Dan Aykroyd’s President Jimmy Carter gave a fireside chat on “Saturday Night Live” in 1978, advising Americans to fight inflation by burning 8% of their money. In his most memorable role as Carter, Aykroyd advised everyone to keep a positive attitude.
Inflation is our friend, he said. Wouldn’t you like to own a $4,000 suit, and smoke a $75 cigar, drive a $600,000 car? I know I would! Grin. In the inflated world of the future, he promised, most Americans will be millionaires. Everyone will feel like a big shot.
Thankfully, we do not live in that inflated world. Under Paul Volcker’s leadership, the Federal Reserve was able to squelch inflation at the cost of double-digit interest rates and the greatest unemployment rate since the Great Depression. When asked decades later what he thought the most important legacy of the Great Inflation was, he said:
Don’t let inflation get ingrained. Once that happens, there’s too much agony in stopping the momentum.
It took nearly a decade of low inflation rates to convince the public that inflation wouldn’t come roaring back.
Long-term interest rates have continued to incorporate a substantial inflation premium. I got a 9% cost-of-living raise at my first job out of college, at the now-defunct Philadelphia bureau of the Wall Street Journal. Even though inflation had reduced to 3.1% by 1983, the union contract from the bad old days remained in place. Only a few years ago, 9% would have put us behind, especially after taxes.

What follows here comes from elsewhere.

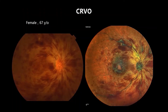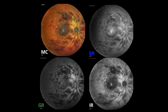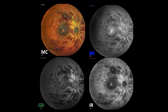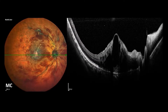In central retinal vein occlusion, retinal arteries and veins can be seen clearly in light and dark green color on multicolor image. Macular edema showed as dark green on multicolor. The hemorrhage looks more obvious on green reflectance. However, these changes do not show well on color fundus photo. Of course, OCT has the power to confirm macular edema.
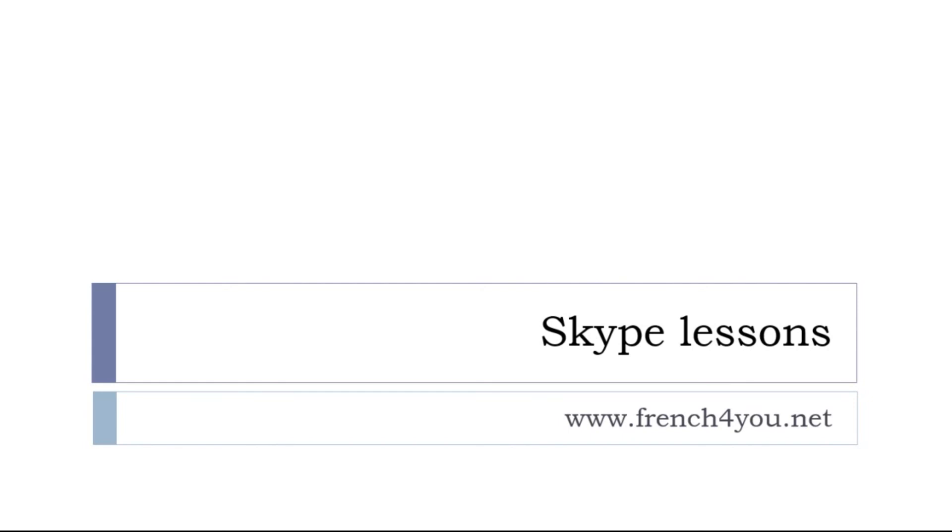So just send me something through French for you dot net. Well that's it, thank you very much. Au revoir et à bientôt.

The indexing of tax brackets to inflation was the most important provision of the 1981 tax reduction. Although tax rates change, indexing remains in place, avoiding bracket creep even if inflation returns, as it has this year.
That older people are worried about things that younger people are not, because they have lived through them, is of course every generation’s story, writes Los Angeles Times television critic Robert Lloyd in a review of the new HBO series Station Eleven.
You might assume us oldsters are excessively concerned about a rise of inflation. However, you were not there.